PatchSiren

PatchSiren cyber security CVE debrief

CVE-2026-43459 Linux CVE debrief

CVE-2026-43459 is a Linux kernel use-after-free in the ASoC soc-core path that can occur during sound card unbind when a PCM stream is still open. The issue is reached through delayed work in the PCM close path and is rated HIGH by NVD with local access, low privileges, and user interaction required. The CVE was published on 2026-05-08 and later modified on 2026-05-21.

Vendor
Linux
Product
Unknown
CVSS
HIGH 7.3
CISA KEV
Not listed in stored evidence
Original CVE published
2026-05-08
Original CVE updated
2026-05-21
Advisory published
2026-05-08
Advisory updated
2026-05-21

Who should care

Linux administrators, OEMs, distro maintainers, and device vendors running affected Linux kernel branches that use the ALSA ASoC/PCM audio stack should prioritize this issue. Security teams should pay special attention where local users can interact with audio devices or trigger PCM open/close activity.

Technical summary

According to the CVE description, snd_soc_unbind_card() flushes delayed work and then calls soc_cleanup_card_resources(). During cleanup, snd_card_disconnect_sync() can release PCM file descriptors, and the PCM close path may schedule new delayed work via snd_soc_dapm_stream_stop() with a pmdown_time delay. Because that new work is scheduled after the earlier flush, it may fire after soc_remove_link_components() has already freed DAPM widgets, leading to a use-after-free in snd_soc_dapm_stream_event(). The described fix adds another flush in soc_cleanup_card_resources() after snd_card_disconnect_sync() and before DAI/widget teardown. NVD classifies the weakness as CWE-416.

Defensive priority

High for affected Linux kernel deployments; apply vendor or upstream fixes as soon as practical.

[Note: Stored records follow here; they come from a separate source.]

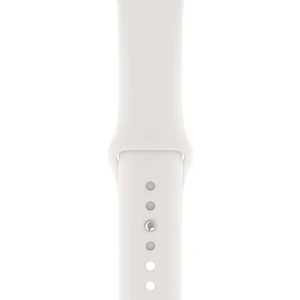 Apple Watch Seri 1/2/3/4/5/6/7/8/SE/Ultra 38mm 40mm 41mm 42mm 44mm 45mm 49mm Kordon Kayış Bileklik Klasik Kaliteli Silikon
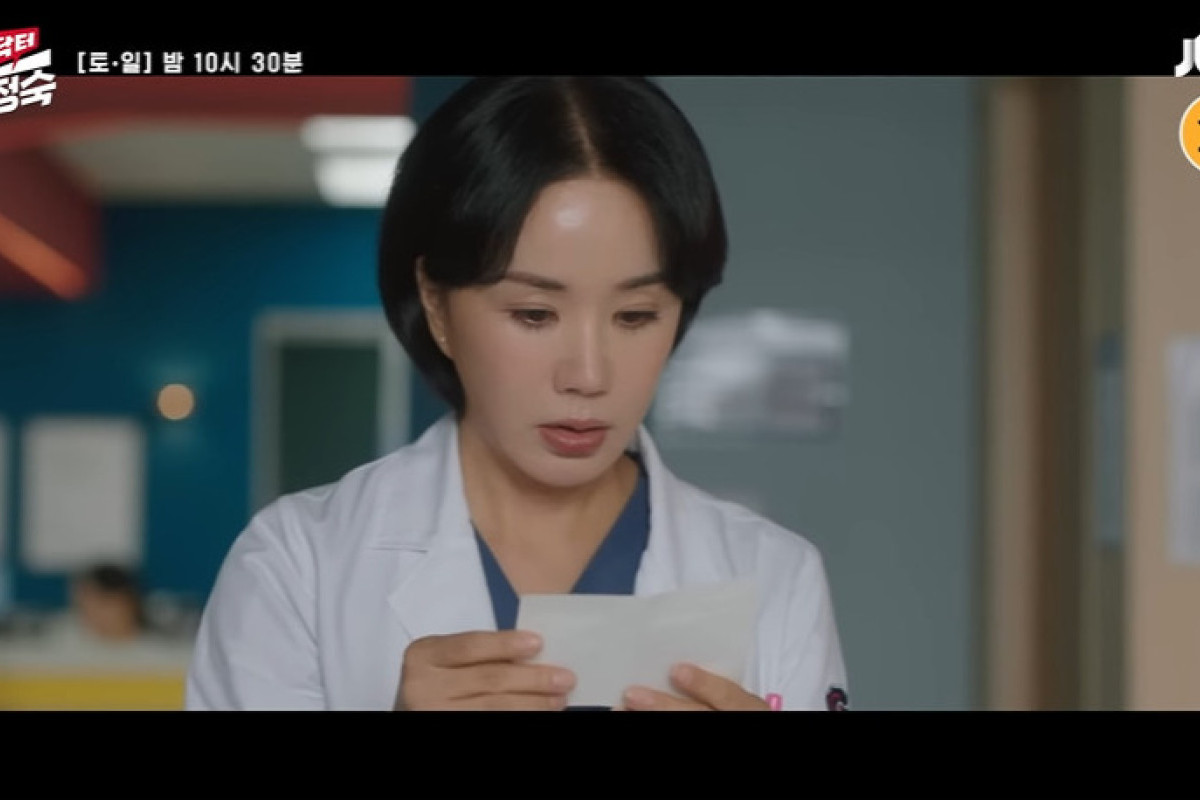 Kapan Drama Doctor Cha Episode 7 Dan 8 Tayang Di Netflix Berikut Jadwal Siaran Jtbc Lengkap Preview 1406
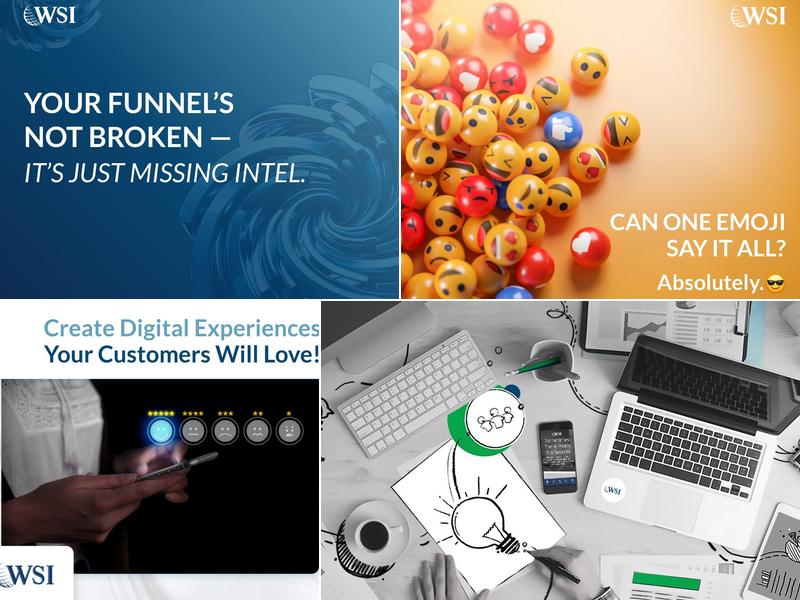 WSI Marketing Upside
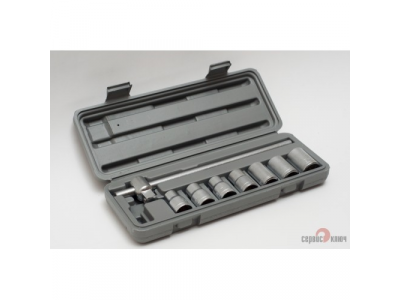 СЕРВИС КЛЮЧ 71551 Набор шоферского инструмента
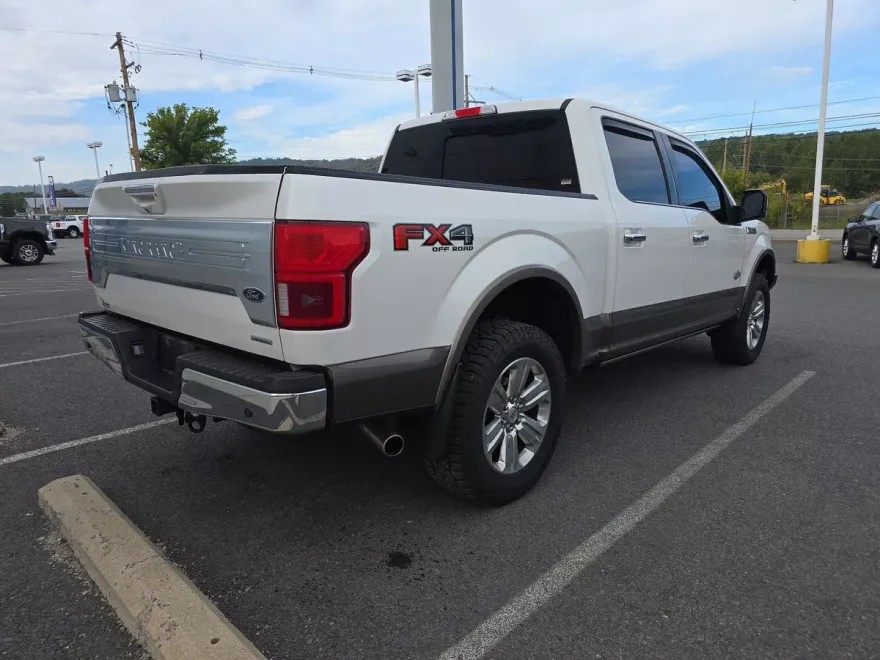 2018 Ford F-150 King Ranch photo 1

Recommended defensive actions

  • Upgrade to a kernel version that includes the upstream fix for CVE-2026-43459.
  • Apply the referenced stable kernel patches for the affected release branches if you cannot upgrade immediately.
  • Prioritize systems on the affected Linux kernel version ranges listed by NVD, including the 4.20, 5.11, 5.16, 6.2, 6.7, 6.13, 6.19, and 7.0-rc branches where applicable.
  • Review local-access exposure on systems where untrusted users can interact with ALSA/PCM audio devices.
  • Track downstream vendor advisories and confirm that the fix is present in your distro or device kernel build.

Evidence notes

The supplied CVE description states that a use-after-free can occur in snd_soc_dapm_stream_event() when a sound card is unbound while a PCM stream is open. It explains that snd_card_disconnect_sync() can cause PCM close paths to schedule new delayed work after an initial flush in snd_soc_unbind_card(), and that soc_remove_link_components() can free DAPM widgets before that work runs. The description also states that the fix is to add a flush in soc_cleanup_card_resources() after snd_card_disconnect_sync() and before removing DAIs and widgets. NVD lists the weakness as CWE-416 and provides multiple kernel patch references, along with affected version ranges in its CPE criteria.

Official resources

Publicly disclosed in the CVE/NVD record on 2026-05-08; NVD last modified the record on 2026-05-21. The source corpus does not include separate embargo or vendor disclosure timing.